Le liège est un vocable habituellement associé au vin par le truchement du bouchon. L’intégrer à l’habitacle d’une voiture sort plus de l’ordinaire, mais cette idée convient parfaitement à Mazda. Il faut dire que dès 1920, l’entreprise a fait ses premiers pas dans l’exploitation de ce produit, sous le nom de Toyo Cork Kogyo.
À l’époque, deux grandes raisons motivent Mazda à exploiter ce matériau. D’abord, la région d’Hiroshima regorge de chênes-liège. De plus, l’industrie locale de la construction navale bat son plein et s’approvisionne en écorce de ces arbres afin de produire des matériaux pour les navires en bois. S’intéresser à la production de liège allait de soi.
Le fondateur de Mazda, Jujiro Matsuda, intègre Toyo Cork Kogyo à son retour dans sa ville natale, Hiroshima, qu’il avait quittée pour faire ses premières armes en ingénierie. Bien que son expertise soit dans la machinerie, il fait vite ses preuves en proposant de nombreuses grandes idées, dont la production de panneaux de liège.
Malgré quelques revers initiaux, Matsuda – qui deviendrait un jour président de l’entreprise – réussit à lancer de nouveaux matériaux d’isolation et de rembourrage. Ayant ainsi remis l’entreprise sur les rails, en 1927, il la renomme Toyo Kogyo et l’oriente vers la fabrication de machines, ce qui la conduira à la production de fourgonnettes à trois roues : les fondations de l’entreprise Mazda que nous connaissons aujourd’hui.
Comme cette division de la société prospère, Matsuda décide à contrecœur de se séparer du volet liège. C’est Uchiyama Manufacturing Corp, une entreprise d’Okayama, à l’est d’Hiroshima qui le récupère en 1944. En plus de prendre le contrôle des usines et des machines de transformation de liège, Uchiyama demande à Toyo Kogyo d’investir dans l’entreprise, d’où la fondation de Toyo Cork.

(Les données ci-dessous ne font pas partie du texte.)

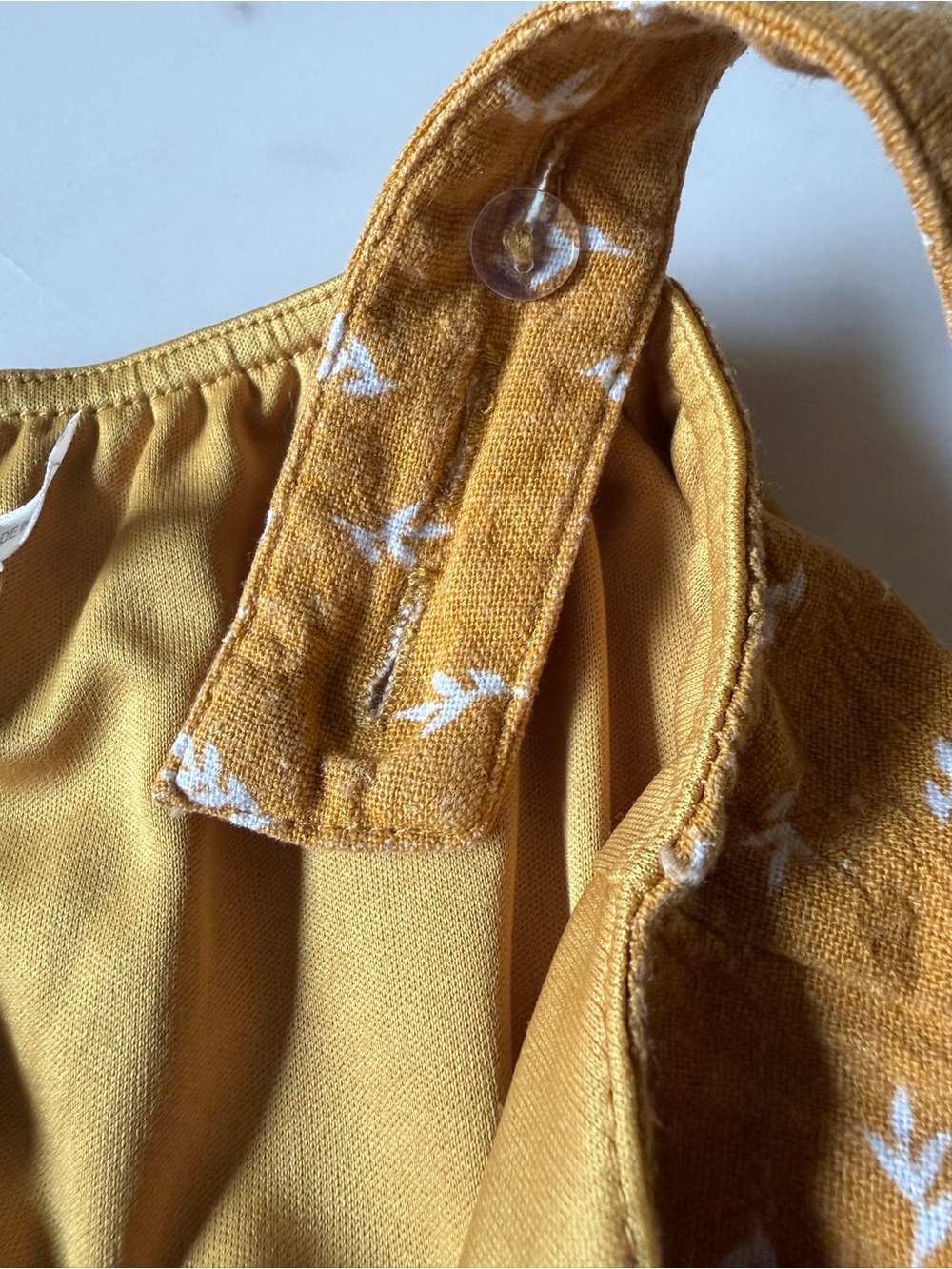 Blu Pepper Mustard Yellow Floral Print Button Front Midi Dress Adjustable Straps - Picture 6 of 7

Étant données ces origines, il est fort à propos que l’équipe de conception du tout Mazda MX‑30 se soit tournée vers le liège, et l’actuelle société Uchiyama Kogyo, dans sa quête d’un nouveau matériau durable pour son premier VUS électrique. « À l’époque de la création de Toyo Cork Kogyo, les technologies du plastique et du caoutchouc n’étaient pas aussi développées qu’elles le sont aujourd’hui, explique le concepteur en chef, Youichi Matsuda. Le liège était alors utilisé comme matériau de rechange pour les joints et les parois. Mais après la Seconde Guerre mondiale, les technologies se sont considérablement améliorées pour produire caoutchouc et plastique à l’échelle industrielle; le liège passant peu à peu au second plan. »

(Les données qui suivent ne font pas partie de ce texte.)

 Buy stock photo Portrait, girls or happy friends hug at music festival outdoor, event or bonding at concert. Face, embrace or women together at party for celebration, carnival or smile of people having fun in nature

Ce matériau occupant une place si particulière dans l’histoire de Mazda, son intégration au design intérieur de la nouvelle voiture va de soi. Mais voilà qui était plus facile à dire qu’à faire. L’habitacle est un endroit très difficile. Par exemple, les rayons ultraviolets qui s’y infiltrent peuvent dégrader le liège avec le temps. « Un tout nouveau défi pour l’équipe de conception », se rappelle Matsuda.
« Nous devions répondre aux exigences de durabilité, de texture et d’allure », résume le concepteur en chef. Mais sachant qu’il pouvait compter sur l’aide d’Uchiyama Kogyo, il était certain que son équipe pourrait tenir ses promesses. Et le MX‑30 n’a pas déçu : il rappelle, avec panache, l’importance du liège pour Mazda.
À l’heure du centenaire de Mazda en 2020, le moment était idéal pour le grand retour du liège : un rappel opportun de l’histoire de l’entreprise alors qu’elle se prépare pour les 100 prochaines années. Nul doute que Jujiro Matsuda aurait approuvé.